*Material supplied*.
******************************

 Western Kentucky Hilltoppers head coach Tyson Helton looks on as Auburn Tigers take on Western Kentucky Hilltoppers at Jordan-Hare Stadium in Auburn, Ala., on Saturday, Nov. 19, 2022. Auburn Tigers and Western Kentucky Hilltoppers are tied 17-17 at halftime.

******************************

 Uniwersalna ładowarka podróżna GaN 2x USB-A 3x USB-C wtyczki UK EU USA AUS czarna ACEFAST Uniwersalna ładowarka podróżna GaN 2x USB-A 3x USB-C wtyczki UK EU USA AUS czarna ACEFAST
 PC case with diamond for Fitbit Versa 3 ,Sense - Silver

******************************

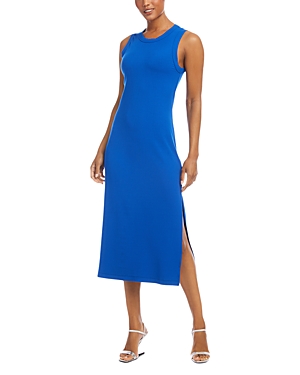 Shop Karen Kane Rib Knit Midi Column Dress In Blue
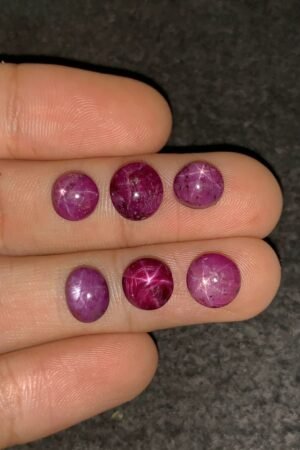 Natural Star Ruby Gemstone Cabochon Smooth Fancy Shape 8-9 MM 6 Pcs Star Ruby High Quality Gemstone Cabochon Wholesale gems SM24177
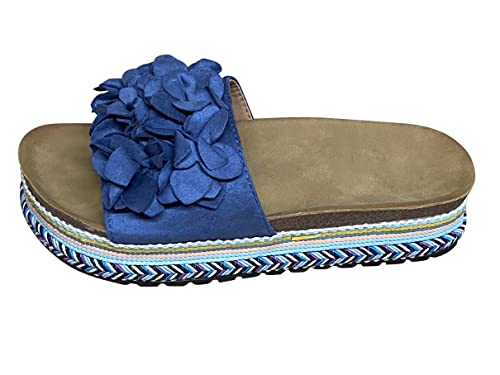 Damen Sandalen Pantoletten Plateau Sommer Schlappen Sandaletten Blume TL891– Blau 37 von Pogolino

******************************

*Task prompt*.
In the data above, find the line with "czarna ACEFAST Uniwersalna" and the line with "PC case with". Retype both, plus every line between them, exactly.

*Your solution*.
 Uniwersalna ładowarka podróżna GaN 2x USB-A 3x USB-C wtyczki UK EU USA AUS czarna ACEFAST Uniwersalna ładowarka podróżna GaN 2x USB-A 3x USB-C wtyczki UK EU USA AUS czarna ACEFAST
 PC case with diamond for Fitbit Versa 3 ,Sense - Silver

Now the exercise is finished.